White House spokesman Josh Bolten said the $10.5 billion in emergency funding that the House is likely to approve today will go into FEMA's general emergency account to be distributed as needed.

"I do anticipate that the Corps will be among those who will be drawing on it," Bolton said, "but there are a lot of different agencies are going to draw on the money to purchase housing, to get electricity back up and running, all sorts of response activities, generators. We're going to be needing to make payments to individuals."

Astrodome

Storm refugees may be housed in the Houston Astrodome for months. (Photo courtesy FEMA)
Governor Perry’s office has discussed with Harris County Judge Robert Eckels the idea of turning the Astrodome into a long-term shelter to meet the housing, food and medical needs of storm refugees stranded in Texas. The Astrodome’s schedule has already been cleared until December.

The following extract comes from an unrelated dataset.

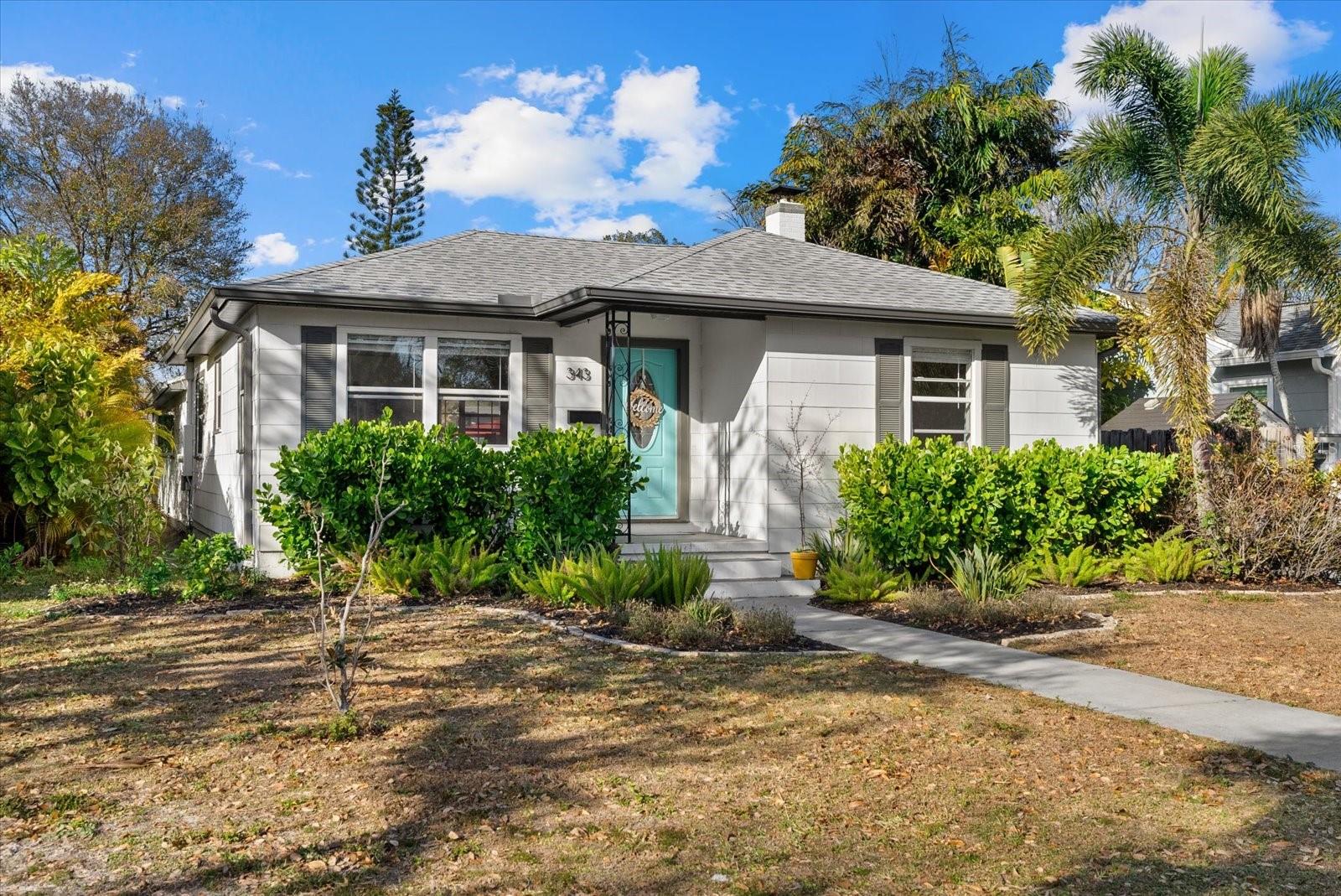 Image 3 of 40 For 343 37th Avenue Ne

Perry Thursday issued an emergency disaster declaration for the state of Texas and sent a letter to President Bush requested for federal emergency assistance as a result of Hurricane Katrina. The President issued disaster declarations for Louisiana, Mississippi and Alabama earlier this week.

Perry said the crisis will be especially hard on children who have been suddenly uprooted from their daily routine, including school. Under federal law these children are considered homeless and are entitled to enroll in the school district where they temporarily reside.

“I want stranded families to know the doors of Texas’ public schools are immediately open to your school-aged children,” Perry said. “I also want school leaders to know that we realize this will put a strain on their capacity, so I have asked the Texas Education Agency to work them to make sure they have the textbooks they need, funding for transportation and the free-and-reduced lunch program and class size waivers as needed.”

Perry also said that the State of Florida has made an urgent request for a two week supply of gasoline because of a pipeline disruption caused by Katrina.

“To meet this need, I have asked the Texas Commission on Environmental Quality to exercise enforcement discretion to allow for the loading of fuel from a refinery site in Port Arthur on marine vessels that will transport this fuel to Florida,” Perry said. “We are coordinating with the Environmental Protection Agency concerning any regulatory waivers needed to meet this urgent need.”